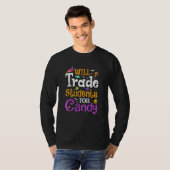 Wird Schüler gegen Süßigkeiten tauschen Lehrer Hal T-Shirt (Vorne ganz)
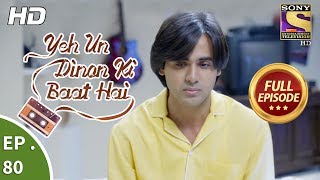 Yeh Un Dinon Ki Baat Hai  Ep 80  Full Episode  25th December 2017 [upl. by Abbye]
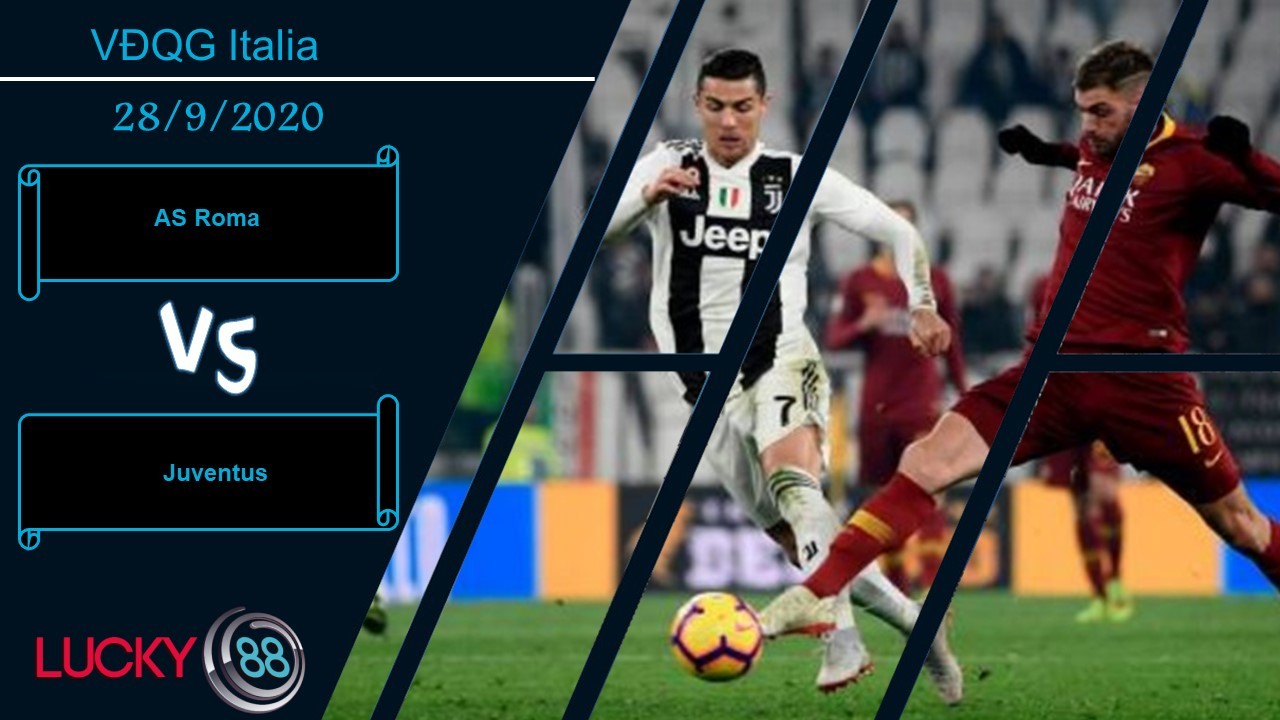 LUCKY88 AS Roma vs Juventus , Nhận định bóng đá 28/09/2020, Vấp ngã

---+---

**WHAT IS REQUIRED**.
Transcribe all of the data above verbatim but omit every picture.

**ANSWER AREA**.
 Wird Schüler gegen Süßigkeiten tauschen Lehrer Hal T-Shirt (Vorne ganz)
 Yeh Un Dinon Ki Baat Hai  Ep 80  Full Episode  25th December 2017 [upl. by Abbye]
 LUCKY88 AS Roma vs Juventus , Nhận định bóng đá 28/09/2020, Vấp ngã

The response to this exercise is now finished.